Well, I have to say that I think this is a great idea.

I CANNOT STAND PEOPLE WHO LEAVE THEIR DOGS TIED UP FOR THEIR ENTIRE LIVES.

It makes me so sick. Why have a dog if you are going to ignore him/her and isolate the dog for his/her whole life?

The bill allows for dogs to be attached to a line or trolley system. So, it is somewhat flexible. Personally, I think if you cannot provide care for your dog that does not entail constant tying up than you have no business owning a dog. I would not mind if you had to apply for a permit to have a dog. I know Josh Michaelis will disagree with me but I feel more for dogs than I do a lot of humans.

I would love to see this law in NY.


----------



## JohnAnderson (Sep 11, 2006)

vermonster13 said:


> Walking them is fine. What do you do with them while you are at work or out? If you can't afford a fence, I guess you have to either leave them in the house all the time or not own a dog at all. Hmmmm, isn't that exactly what the groups who backed this legislation really wanted? The wealthy donors can keep their dogs and everyone else has some decisions to make.


So are you saying if you are poor you are entitled to treat your dog in a cruel and inhumane manner?

How would you like to be tied up for 3 hours a day on a leash?


----------



## cath8r (Jan 17, 2003)

AMEN!!!! TaxLawyer!


----------



## cath8r (Jan 17, 2003)

John, I think alot of people use that excuse to treat dogs badly. I wish most of them didn't get dogs at all.


----------



## oldwun 01 (Sep 7, 2006)

Move back to America!! Our company transferred 24 people to calif and 21 of them have came back.


----------



## Riverghost (Oct 11, 2004)

Well said Tax Lawyer!!! 
A guy down the street has a 2 acre yard and keeps 3 dogs in a 6*8 pen and NEVER lets them out


----------



## vermonster13 (Sep 18, 2004)

Yeah that's what I'm saying John. Poor people should be allowed to treat their dogs poorly. Get a clue. Are you saying only the wealthy should have dogs? A dog doesn't need to be kept on a 3' chain. If you know someone abusing an animal then report it.
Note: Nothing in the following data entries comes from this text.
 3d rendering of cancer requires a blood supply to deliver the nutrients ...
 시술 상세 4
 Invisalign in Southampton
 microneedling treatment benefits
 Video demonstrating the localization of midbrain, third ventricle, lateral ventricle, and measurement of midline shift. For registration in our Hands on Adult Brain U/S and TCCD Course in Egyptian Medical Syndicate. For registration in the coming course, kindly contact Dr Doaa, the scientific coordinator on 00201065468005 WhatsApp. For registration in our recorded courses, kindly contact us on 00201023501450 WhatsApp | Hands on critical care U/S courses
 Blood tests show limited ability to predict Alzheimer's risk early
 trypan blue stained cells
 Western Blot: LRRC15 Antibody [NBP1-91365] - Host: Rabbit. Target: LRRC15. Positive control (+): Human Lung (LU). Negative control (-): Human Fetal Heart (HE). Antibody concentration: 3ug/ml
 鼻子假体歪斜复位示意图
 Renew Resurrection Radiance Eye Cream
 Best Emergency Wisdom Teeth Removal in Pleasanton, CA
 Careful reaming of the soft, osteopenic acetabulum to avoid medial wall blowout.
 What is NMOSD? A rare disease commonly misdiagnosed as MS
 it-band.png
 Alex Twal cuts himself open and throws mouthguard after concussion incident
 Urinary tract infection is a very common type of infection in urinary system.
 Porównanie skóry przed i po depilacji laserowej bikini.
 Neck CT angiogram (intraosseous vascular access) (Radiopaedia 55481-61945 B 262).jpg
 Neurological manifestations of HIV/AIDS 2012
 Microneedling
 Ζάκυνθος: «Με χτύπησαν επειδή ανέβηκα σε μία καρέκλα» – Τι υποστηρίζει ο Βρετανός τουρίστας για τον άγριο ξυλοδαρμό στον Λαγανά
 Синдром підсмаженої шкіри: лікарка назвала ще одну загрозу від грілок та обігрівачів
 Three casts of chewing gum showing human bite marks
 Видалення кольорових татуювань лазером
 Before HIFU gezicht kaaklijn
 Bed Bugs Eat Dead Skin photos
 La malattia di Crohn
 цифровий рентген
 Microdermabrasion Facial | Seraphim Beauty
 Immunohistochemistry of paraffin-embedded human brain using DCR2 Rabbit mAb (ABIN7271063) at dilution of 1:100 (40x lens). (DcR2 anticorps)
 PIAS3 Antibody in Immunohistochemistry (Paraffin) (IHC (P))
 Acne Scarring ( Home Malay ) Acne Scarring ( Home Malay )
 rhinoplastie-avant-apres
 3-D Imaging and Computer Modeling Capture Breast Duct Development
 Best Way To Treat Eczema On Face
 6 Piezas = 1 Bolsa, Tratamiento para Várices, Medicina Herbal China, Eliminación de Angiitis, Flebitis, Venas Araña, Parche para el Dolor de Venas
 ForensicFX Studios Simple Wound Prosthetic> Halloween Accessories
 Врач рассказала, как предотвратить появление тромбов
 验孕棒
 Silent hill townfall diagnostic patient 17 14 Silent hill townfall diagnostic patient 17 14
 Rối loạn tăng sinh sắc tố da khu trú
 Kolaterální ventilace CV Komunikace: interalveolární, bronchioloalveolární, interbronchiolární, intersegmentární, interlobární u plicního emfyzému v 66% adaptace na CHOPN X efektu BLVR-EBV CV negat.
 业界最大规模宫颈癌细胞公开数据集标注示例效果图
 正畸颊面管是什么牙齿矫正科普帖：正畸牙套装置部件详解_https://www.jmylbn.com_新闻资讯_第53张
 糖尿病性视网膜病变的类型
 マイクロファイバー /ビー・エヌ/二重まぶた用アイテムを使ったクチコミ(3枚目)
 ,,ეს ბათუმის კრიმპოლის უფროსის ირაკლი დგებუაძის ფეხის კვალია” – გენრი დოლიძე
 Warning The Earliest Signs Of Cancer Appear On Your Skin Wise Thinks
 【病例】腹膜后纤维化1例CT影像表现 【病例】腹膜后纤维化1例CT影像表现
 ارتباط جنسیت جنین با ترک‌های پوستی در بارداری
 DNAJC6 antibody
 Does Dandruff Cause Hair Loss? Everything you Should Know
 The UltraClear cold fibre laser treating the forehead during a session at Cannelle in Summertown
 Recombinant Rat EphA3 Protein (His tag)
This will effectively end hunting with dogs in California also if you hunt from a camp, unless of course you just let them run loose. 

If being on a chain is bad for the dogs, what do you think being in a travel box, spare-room or basemant for 8-10 hours a day will do to them. Think everyone is just going to let them run loose in their homes when they are gone? Of course now at least the abuse will be hidden from plain view.


----------



## JohnAnderson (Sep 11, 2006)

vermonster13 said:



> Yeah that's what I'm saying John. Poor people should be allowed to treat their dogs poorly.


If you treat your dog in a cruel and inhumane manner, whether you are rich or poor, you should be criminally prosecuted.


----------



## Dchiefransom (Jan 16, 2006)

vermonster13 said:


> Yeah that's what I'm saying John. Poor people should be allowed to treat their dogs poorly. Get a clue. Are you saying only the wealthy should have dogs? A dog doesn't need to be kept on a 3' chain. If you know someone abusing an animal then report it. This will effectively end hunting with dogs in California also if you hunt from a camp, unless of course you just let them run loose.
> 
> If being on a chain is bad for the dogs, what do you think being in a travel box, spare-room or basemant for 8-10 hours a day will do to them. Think everyone is just going to let them run loose in their homes when they are gone? Of course now at least the abuse will be hidden from plain view.


We used to leave our dog with the run of the house all the time. Sometimes it worked, and sometimes he pooped in the wrong place. It wasn't all day, though. 
I see no problem with having hunting dogs in a camp. Instead of just a tether, run a cable between two stakes and let the dog move around more.


----------



## 30-30 (Mar 23, 2006)

What does this have to do with archery?


----------